Intent Identify potential design problems by collecting measurements and studying the exceptional values.

Problem

How can you quickly identify potential design problems in large software systems?

This problem is difficult because:

There is no easy way to discern problematic from good designs. Assessing the quality of a design must be done in the terms of the problem it tries to solve, thus can never be inferred from the design alone.
To confirm that a piece of code represents a design problem, you must first unravel its inner structure. With problematic code this is typically quite difficult.
The system is large, thus a detailed assessment of the design quality of every piece of code is not feasible.

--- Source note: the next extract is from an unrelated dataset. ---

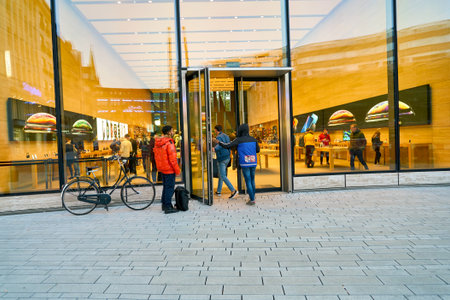DUSSELDORF, GERMANY - CIRCA SEPTEMBER, 2018: entrance to Apple store in Dusseldorf.
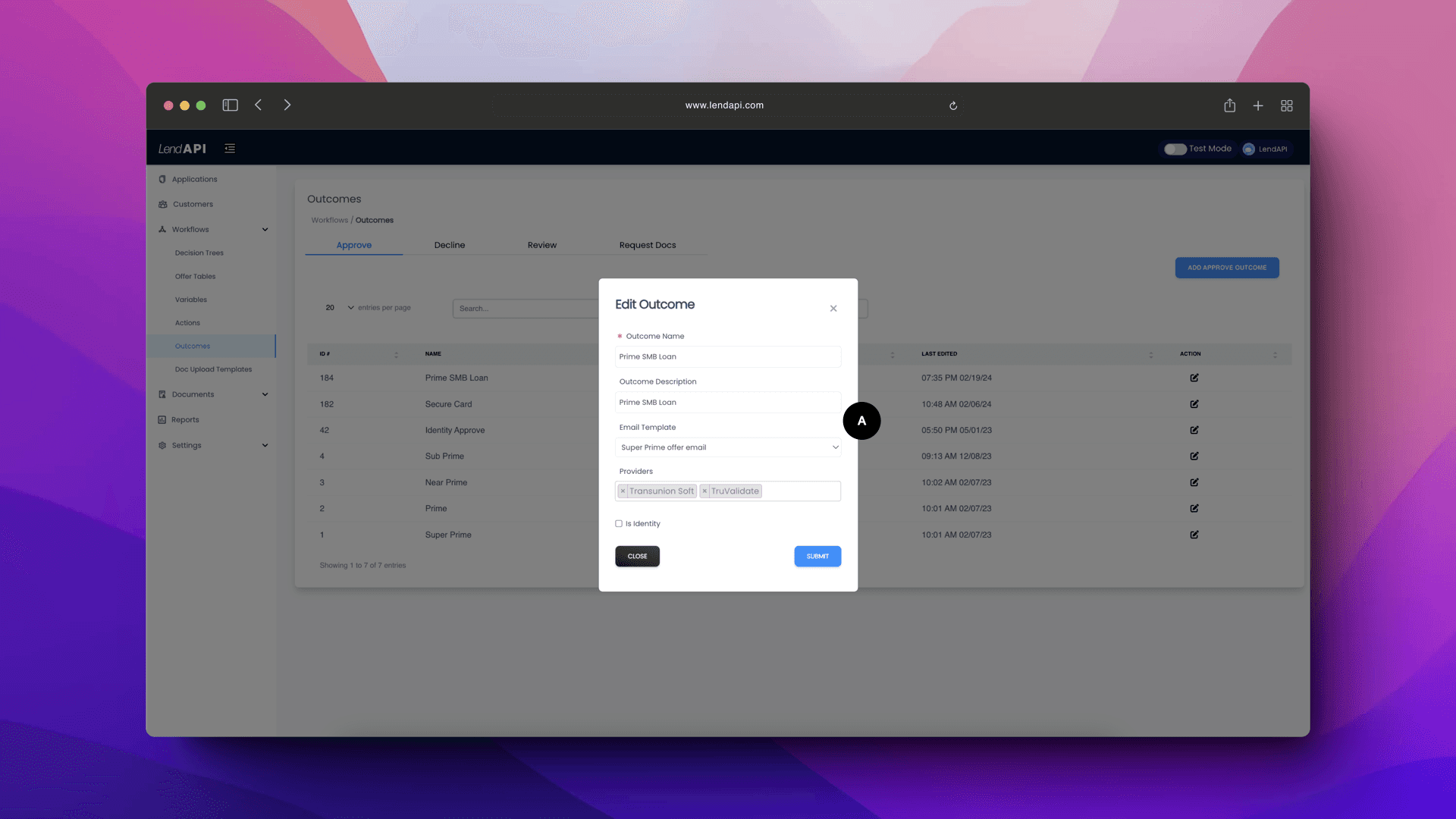 LendAPI Documentation - Decision Outcome - Add Approve Decision Outcome Cont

Yet, solving this problem is feasible because:

You have a metrics tool at your disposal, so you can quickly collect a number of measurements about the entities in the source-code.
You have a rough understanding of the system’s functionality (for example obtained via First Contact), so you can assess the quality of the design in the system context.
You have the necessary tools to browse the source-code, so you can verify manually whether certain entities are indeed a problem.

Solution

Measure the structural entities forming the software system (i.e., the inheritance hierarchy, the packages, the classes and the methods) and look for exceptions in the quantitative data you collected. Verify manually whether these anomalies represent design problems.

Hints

Identifying problematic designs in a software system via measurements is a delicate activity which requires expertise in both data collection and interpretation. Below are some hints you might consider to get the best out of the raw numbers.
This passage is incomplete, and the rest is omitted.